L’autre pan de la stratégie des FL est la volonté d’incarner ces mêmes pressions envers le Président Aoun et le Premier ministre Salam. Par le biais de Youssef Rajji, ministre des Affaires étrangères et affilié au parti chrétien, ils détiennent une influence majeure et accompagnent d’ailleurs le rapprochement du Liban avec les pays arabes. Ce pivot concerne particulièrement l’Arabie saoudite, alliée de longue date des FL, dont l’implication aux côtés des États-Unis contre les armes du Hezbollah est particulièrement tangible. Samir Geagea considère d’ailleurs que ce n’est qu’avec l’aide de Riyad et Washington que le Liban pourra se prémunir des attaques israéliennes[10]. Ce positionnement atteste de sa volonté de s’en remettre à ces puissances étrangères, plutôt que se ranger derrière l’État.

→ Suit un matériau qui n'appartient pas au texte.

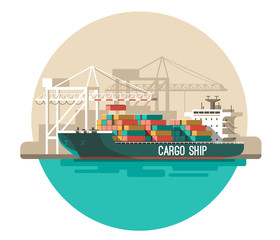 Delivery service concept. Container cargo ship loading, sea freight. Flat style vector illustration.
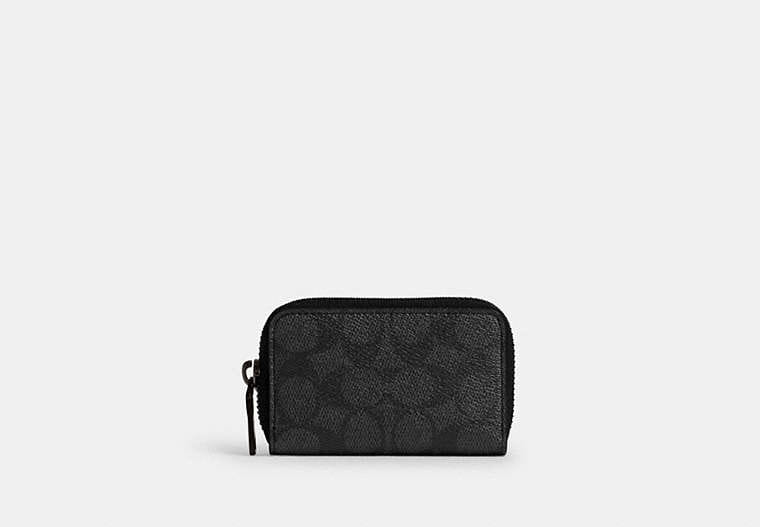 Coach Small Zip Around Card Case In Signature Canvas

Les limites de la stratégie des FL pour 2026

Cette pression exercée sur l’exécutif, conjointement aux puissances étrangères, représente l’une des faiblesses de la stratégie des FL pour 2026. Lors de la remise du «papier Barrack», Samir Geagea a misé sur la radicalisation de l’approche de Washington. Or, l’aggravation de son discours n’a pas trouvé de relais significatifs dans le paysage politique, tandis que le gouvernement faisait le choix d’une approche plus équilibrée. Bien que la réponse de ce dernier s’éloignât des attentes américaines, cette dernière suffit à convaincre l’émissaire et a porté préjudice à la position des FL.

Un autre élément fragilisant le discours ferme des FL est son inscription dans la continuité des pratiques politiques libanaises. Lors des municipales de mai 2025, les rapports de forces locaux ont de nouveau produit des alliances hétérogènes, souvent perçues comme contradictoires. À Beyrouth, la redondante «parité islamo-chrétienne» a de nouveau conduit à la formation d’une liste unitaire entre les grands partis, sous la bannière « Beyrouth nous unit ». Face à un rapport démographique défavorable dans la capitale pour les chrétiens, cette pratique visait à assurer une représentation équitable de ces derniers au sein du conseil municipal. Paradoxalement, les FL se retrouvent ainsi à faire campagne aux côtés du Hezbollah. Ils affirment toutefois que la parité était l’enjeu de cette liste et qu’aucun contact n’avait été pris avec le parti chiite. Également, à Koura, une liste commune avec le Parti socialiste nationaliste syrien, pro al Assad, est constituée pour concurrencer le CPL. Samir Geagea répond aux critiques en déclarant que la liste commune a été composée avec des individualités dont les liens avec le parti proche du Hezbollah restent relatifs[11]. Ces contradictions sont cependant structurelles au système électoral où les partis s’allient à des figures locales pour asseoir leur présence et concurrencer leurs rivaux sur le plan national.

Enfin, la question des alliances politiques est l’enjeu principal des FL pour 2026 et au-delà. Samir Geagea, qui n’a jamais caché ses ambitions présidentielles, est l’un des politiciens les plus polarisants au Liban, dont le rôle lors de la guerre civile a forgé sa popularité tout en accentuant les critiques à son égard. La polarisation que suscite le leader des FL et de son parti les empêche d’apparaître comme une force de consensus. Alors que la présidence libanaise a récemment été incarnée par des personnalités plutôt modérées et non partisanes, excepté Michel Aoun, le leader des FL s’efforce de constituer une coalition plus large. Mais face à des voix comme celles de Walid Joumblatt, autre acteur du 14 mars, qui prône « une prise en compte des sensibilités politiques des chiites » et parle d’un «matraquage»[12] au sujet du désarmement, l’approche maximaliste de Geagea l’empêche d’être rassembleur. D’autant qu’une partie des Libanais craint un nouveau conflit interne avec le Hezbollah.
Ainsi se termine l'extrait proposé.